20 feet of mud and debris trapped 200 vehicles along a California highway.
Drought stricken California was slammed with devastating mudslides over the weekend, trapping 200 vehicles along California 58 east north of downtown Los Angeles.
The trapped vehicles included 75 tractor trailers and two tour bases that were carrying passengers after rain slammed the dry region and triggered flash floods, according to a Los Angeles Times report.
The mudslides hit in the area of Sand Canyon east of Tehachapi, carrying 20 feet of mud and debris across the highway as commuters traveled on Tehachapi Pass in Kern County.
Drivers abandoned their vehicles, and in some cases had to be rescued due to the huge volume of mud that threatened to bury everything in its path. Some, however, remained in their vehicles overnight, braving the difficult conditions.
Rescue crews have managed to get most drivers out, but work continued into Friday to dig through the mud and create a pathway to get the vehicles out and clear the highway.
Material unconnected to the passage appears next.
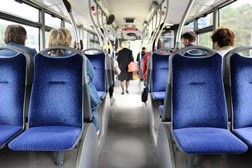 Motivos pelos que muitos autocarros continuam sem levar sistemas de retenção infantil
It could take days for crews to clean up the road, and authorities urged people to avoid the area in the meantime until officials can give the all clear.
One witness quoted in the LA Times report said that he looked to his left and saw what looked like a waterfall pouring from a canyon, and the mud suddenly swooped in between the vehicles, stalling them there. The man said he stayed into his truck into late Thursday, and then he left his truck to join other truckers in looking through the cars for anyone who needed rescuing.
California’s difficult drought conditions create a bad situation when torrential rains do strike. It could continue to get worse for the state, with drought conditions still deeply set in and the promise of El Nino bringing heavy rains to the state. California senators wrote a letter to various federal agencies urging for action to protect the state.
“Given four years of historic drought, a devastating fire season, and likelihood that a strong El Niño will bring heavy rains to California, the risk of flooding is dangerously high,” they wrote. “We are already seeing the potential for disaster.”